I vantaggi offerti dai rivestimenti sintetici, naturali (dalle vernici antiscivolo) vanno considerati proprio dal punto di vista della manutenzione. Una volta che avrete incollato (solitamente con una colla poliuretanica) il materiale in coperta, non dovrete preoccuparvi più di nulla. Qualora saltassero fuori delle “bolle”, al 99% sarà colpa di una cattiva installazione (a proposito, potete far da voi ma è sempre meglio, per la posa, affidarsi a chi lo fa di lavoro). Se qualche macchia, anche oleosa, cadrà sul materiale non penetrerà e scivolerà via, lo sporco più resistente potrà essere eventualmente carteggiato. Inoltre, i rivestimeti di ultima generazione non scoloriranno al sole (salvo quelli a base di sughero, che essendo un materiale naturale tende a comportarsi com il legno) e non verranno intaccati dalle intemperie o dalla salsedine. In caso di caduta di oggetti pesanti, tutti i nuovi rivestimenti rispondono con una buona capacità di compressione e hanno meno probabilità di rompersi rispetto al teak tradizionale. Infine, è molto interessante la possibilità di “customizzazione” offerta dai rivesimenti alternativi, personalizzabili con scritte e loghi stampati.
ALCUNI BUONI ESEMPI
Permateek (importato in Italia da Refit Style) è in PVC, noi l’abbiamo testato a bordo di un Fax Zuanelli in Sicilia e, sotto il sole (già cocente) di giugno abbiamo potuto constatare che, a piedi nudi, è più che sopportabile a livello di temperatura. Per quanto riguarda l’estetica, poi, sembra proprio legno, anche da una distanza media. MarineCork avevamo già avuto modo di provarlo: la nostra perplessità era che, trattandosi di sughero, potesse facilmente sgretolarsi. In realtà si tratta di un prodotto trattato in modo tale da conservare la sua compattezza senza perdere grip. In più, costituisce un buon isolante termico (niente salti in coperta sotto al sole!) e può essere una soluzione interessante anche per evitare che sottocoperta l’atmosfera, diventi invivibile con i primi caldi.

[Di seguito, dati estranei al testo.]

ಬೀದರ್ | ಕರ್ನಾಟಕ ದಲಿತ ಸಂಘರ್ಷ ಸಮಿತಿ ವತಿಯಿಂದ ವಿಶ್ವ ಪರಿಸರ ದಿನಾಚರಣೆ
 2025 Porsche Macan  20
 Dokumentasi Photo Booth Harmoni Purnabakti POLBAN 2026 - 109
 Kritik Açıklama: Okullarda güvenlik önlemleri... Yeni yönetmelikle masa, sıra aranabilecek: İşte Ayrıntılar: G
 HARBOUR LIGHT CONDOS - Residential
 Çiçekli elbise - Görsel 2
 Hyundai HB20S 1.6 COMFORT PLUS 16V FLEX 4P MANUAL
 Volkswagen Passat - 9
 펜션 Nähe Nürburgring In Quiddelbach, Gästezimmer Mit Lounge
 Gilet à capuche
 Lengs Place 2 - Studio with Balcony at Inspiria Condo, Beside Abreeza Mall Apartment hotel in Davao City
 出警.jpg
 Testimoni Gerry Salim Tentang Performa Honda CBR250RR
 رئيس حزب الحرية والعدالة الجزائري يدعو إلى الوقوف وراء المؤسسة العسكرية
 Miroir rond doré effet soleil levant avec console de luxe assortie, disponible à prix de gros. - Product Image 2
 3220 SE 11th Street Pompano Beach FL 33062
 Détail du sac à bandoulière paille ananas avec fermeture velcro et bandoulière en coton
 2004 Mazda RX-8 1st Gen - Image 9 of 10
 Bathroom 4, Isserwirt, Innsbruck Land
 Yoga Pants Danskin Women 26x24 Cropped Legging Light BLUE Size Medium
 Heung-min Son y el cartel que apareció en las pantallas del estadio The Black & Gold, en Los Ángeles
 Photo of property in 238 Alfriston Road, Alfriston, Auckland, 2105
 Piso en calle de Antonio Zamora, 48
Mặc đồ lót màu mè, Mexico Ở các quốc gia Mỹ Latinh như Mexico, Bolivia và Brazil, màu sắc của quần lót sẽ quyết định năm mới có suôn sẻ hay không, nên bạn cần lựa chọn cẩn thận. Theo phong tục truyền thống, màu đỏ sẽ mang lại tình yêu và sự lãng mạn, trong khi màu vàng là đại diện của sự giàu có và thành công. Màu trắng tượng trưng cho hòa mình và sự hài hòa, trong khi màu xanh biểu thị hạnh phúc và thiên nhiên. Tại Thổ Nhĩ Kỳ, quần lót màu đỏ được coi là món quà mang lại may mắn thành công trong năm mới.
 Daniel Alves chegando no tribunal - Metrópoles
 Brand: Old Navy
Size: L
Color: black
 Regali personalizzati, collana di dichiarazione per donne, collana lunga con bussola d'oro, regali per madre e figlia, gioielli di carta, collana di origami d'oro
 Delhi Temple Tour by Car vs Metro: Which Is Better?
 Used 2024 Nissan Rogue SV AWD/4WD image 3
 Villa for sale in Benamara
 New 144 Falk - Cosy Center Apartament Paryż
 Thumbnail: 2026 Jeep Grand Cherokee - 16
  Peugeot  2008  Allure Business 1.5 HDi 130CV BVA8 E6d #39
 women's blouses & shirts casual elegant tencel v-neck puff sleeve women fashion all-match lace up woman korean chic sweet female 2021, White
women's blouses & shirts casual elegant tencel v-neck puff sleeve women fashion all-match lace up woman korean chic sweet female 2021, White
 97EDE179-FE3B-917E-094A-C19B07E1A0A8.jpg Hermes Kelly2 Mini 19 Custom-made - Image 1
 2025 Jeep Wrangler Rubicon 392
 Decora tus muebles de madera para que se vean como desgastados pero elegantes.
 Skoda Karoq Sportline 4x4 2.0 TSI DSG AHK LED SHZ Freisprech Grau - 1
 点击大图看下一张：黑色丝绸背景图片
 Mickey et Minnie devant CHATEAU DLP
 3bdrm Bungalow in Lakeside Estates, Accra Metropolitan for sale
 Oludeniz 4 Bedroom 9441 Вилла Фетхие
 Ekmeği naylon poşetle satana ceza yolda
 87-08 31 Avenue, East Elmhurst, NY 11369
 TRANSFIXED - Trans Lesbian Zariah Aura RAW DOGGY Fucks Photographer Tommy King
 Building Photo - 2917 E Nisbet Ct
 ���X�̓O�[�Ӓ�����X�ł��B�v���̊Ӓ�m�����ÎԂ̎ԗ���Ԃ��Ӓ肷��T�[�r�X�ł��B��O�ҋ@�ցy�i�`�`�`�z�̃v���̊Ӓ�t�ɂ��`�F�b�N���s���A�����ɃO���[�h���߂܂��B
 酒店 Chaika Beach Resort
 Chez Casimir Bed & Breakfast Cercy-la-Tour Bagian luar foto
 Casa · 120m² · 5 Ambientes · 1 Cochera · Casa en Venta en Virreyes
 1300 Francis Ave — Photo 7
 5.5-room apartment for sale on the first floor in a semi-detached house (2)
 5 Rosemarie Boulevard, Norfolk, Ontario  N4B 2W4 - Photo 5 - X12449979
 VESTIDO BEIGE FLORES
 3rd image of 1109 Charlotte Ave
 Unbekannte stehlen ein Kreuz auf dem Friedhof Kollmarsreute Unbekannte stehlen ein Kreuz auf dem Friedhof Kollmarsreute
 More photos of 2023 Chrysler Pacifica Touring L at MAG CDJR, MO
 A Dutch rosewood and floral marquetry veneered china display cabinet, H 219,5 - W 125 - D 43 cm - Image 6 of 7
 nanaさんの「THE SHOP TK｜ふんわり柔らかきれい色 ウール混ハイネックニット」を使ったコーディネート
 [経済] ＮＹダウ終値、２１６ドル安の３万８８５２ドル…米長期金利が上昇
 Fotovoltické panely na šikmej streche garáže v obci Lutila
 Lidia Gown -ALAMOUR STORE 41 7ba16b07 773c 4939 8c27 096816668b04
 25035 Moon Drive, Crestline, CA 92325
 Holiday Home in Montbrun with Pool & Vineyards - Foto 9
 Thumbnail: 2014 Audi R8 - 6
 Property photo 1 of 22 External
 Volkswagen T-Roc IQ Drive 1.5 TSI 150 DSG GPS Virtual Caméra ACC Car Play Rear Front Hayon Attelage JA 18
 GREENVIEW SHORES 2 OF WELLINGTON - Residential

Abbiamo voluto includere anche il “pianeta” delle vernici antiscivolo, rappresentato da Kiwi Grip (prodotto importato da Indemar), perché, di fatto, è una delle soluzioni più pratiche per la vostra coperta e per gli amanti del fai-da-te. L’applicazione avviene con un rullo speciale, potrete decidere lo spessore e la “grana” dell’antiscivolo a seconda della pressione che eserciterete. Per quanto riguarda gli scafi in vetroresina, se la superficie ha già un antiscivolo (precedentemente applicato oppure di fabbrica) non più efficace sul quale deve essere steso il prodotto, non dovrete carteggiare ma solo pulire poi procedere. Se invece si tratta di superficie “vergine” sarà necessario carteggiare (grana da 60 a 180), pulire accuratamente e poi partire con la stesura. Per barche in legno, alluminio o metallo: dopo aver pulito bene, dovrete stendere uno strato di vernice isolante (tutti i primer esistenti vanno bene a patto che non contengano silicone. La leggerezza del prodotto e la sua economicità lo rendono una delle scelte più utilizzate dai navigatori che badano alla sostanza o alle prestazioni: sono tanti, ad esempio, i velisti oceanici che si affidano alle vernici antiscivolo!
IL TEAK? NON MORIRA’ MAI
Concludiamo: trattandosi di un mondo relativamente nuovo, quello dei materiali alternativi al teak è in continua evoluzione ed è plausibile che in futuro sarà la soluzione più utilizzata, anche perché i prodotti di oggi tendono a scaldare molto meno rispetto ai primi “esperimenti”. Come è anche plausibile che un certo tipo di yachting (barche d’epoca, classiche o “modern-classic) continuerà a fare uso del legno tradizionale. Lo ha dimostra l’avvento della vetroresina: il successo delle “barche di plastica” non ha mandato in pensione il teak ma lo ha reso una “nicchia” per appassionati.